Crude Drops as API Reports Increase in U.S. Inventories

West Texas Intermediate dropped to a three-month low after an industry group reported an increase in inventories last week and as more Americans than forecast filed applications for unemployment benefits.

Prices slid 1.6 percent. Supplies climbed by 5.94 million barrels, according to the American Petroleum Institute yesterday. Jobless claims reached 358,000 last week, the Labor Department said. WTI rose 1.1 percent yesterday before Congress voted to end the government shutdown and raise the debt limit.

“The API numbers are bearish and suggest that we are heading into a period in the fall of fairly weak demand,” said Michael Lynch, president of Strategic Energy & Economic Research in Winchester, Massachusetts. “We are turning into a weak market for the next few weeks at least. People had kind of priced in the passage of a bill in Washington.”

WTI for November delivery fell $1.62 to $100.67 a barrel on the New York Mercantile Exchange, the lowest settlement since July 2. The volume of all futures was 48 percent above the 100-day average at 2:54 p.m.

North Sea Brent for December settlement slid $1.48, or 1.3 percent, to $109.11 a barrel on the London-based ICE Futures Europe exchange. The November contract expired yesterday. Volume was 9.5 percent below the 100-day average. December Brent crude was at a premium of $8.24 to the equivalent-month WTI contract. The gap between November contracts was $8.57 yesterday.

Cushing Supply

“The market is reacting to the big build that we saw in oil inventory from the API,” said Phil Flynn, senior market analyst at the Price Futures Group in Chicago. “The market pretty much priced in the fact that the government would come back to work. Now we are focusing on more fundamental things.”

Crude inventories at Cushing, Oklahoma, the delivery point for futures traded on the Nymex, increased 291,000 barrels, the API said. Genscape Inc., which uses infrared cameras to measure storage levels, said today inventories at the hub rose 836,798 barrels last week to 36.9 million.

Gasoline supplies dropped by 2.21 million and distillate fuel, including heating oil and diesel, declined by 1.32 million, the API said. The Energy Information Administration, the Energy Department’s statistical arm, won’t release weekly stockpile data today because of the government shutdown.

The EIA will release a schedule for the resumption of its reports when that information becomes available, Jonathan Cogan, a spokesman for the agency in Washington, said in an e-mailed statement.

Supply Gains

Crude supplies climbed 14.9 million barrels in the previous three EIA reports. They reached 370.5 million in the seven days ended Oct. 4, the highest level in three months, according to the agency. The refinery utilization rate decreased to 86 percent, the least since April.

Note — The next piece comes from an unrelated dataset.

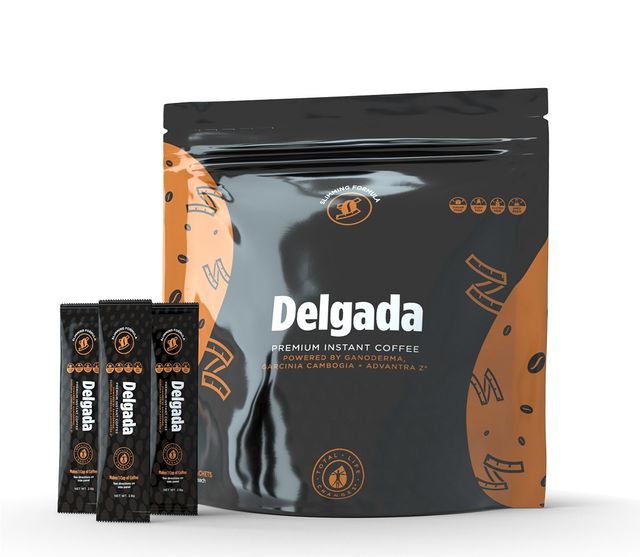 The Slimming Coffee Delgada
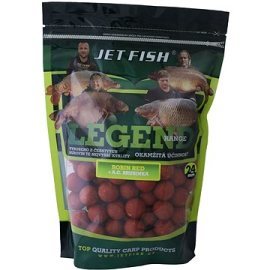 Jet Fish Boilies Legend, Robin Red + Brusnica 24mm 1kg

API collects stockpile information on a voluntary basis from operators of refineries, bulk terminals and pipelines. The government requires that reports be filed with the EIA for its weekly survey.

“We’re moving lower on higher inventories today,” said John Kilduff, a partner at Again Capital LLC, a New York-based hedge fund that focuses on energy. “The API showed a substantial build in supply as refinery run rates headed south. Given refinery runs and output we should continue to see builds for a considerable time.”

Jobless Claims

Last week’s jobless claims exceeded the 335,000 forecast by economists surveyed by Bloomberg. Federal workers filed about 70,000 claims two weeks ago, the Labor Department report showed. Those were tallied in a separate category and didn’t influence the headline reading, though contractors’ furloughs will count, a Labor Department spokesman said.

“The data was not great,” Flynn said. “The jobless claims were higher than expected. There are signs that the economy is slowing a little bit.”

The passage last night of the congressional deal by wide margins -- an 81-18 vote in the Democratic-led Senate, followed by a 285-144 vote in the Republican-controlled House -- allows the U.S. to avoid default and ends the shutdown that began Oct. 1 and has taken $24 billion out of the economy.

President Barack Obama signed the bill just after midnight, according to a White House statement. The measure puts government workers back on the job as soon as today and permits the U.S. to continue paying its debts, benefits and salaries.

Implied volatility for at-the-money WTI options expiring in December was 19.6 percent, up from 20.8 percent yesterday, data compiled by Bloomberg showed.

Electronic trading volume on the Nymex was 792,062 contracts as of 2:57 p.m. It totaled 752,832 yesterday, 29 percent higher than the three-month average. Open interest was 1.82 million contracts.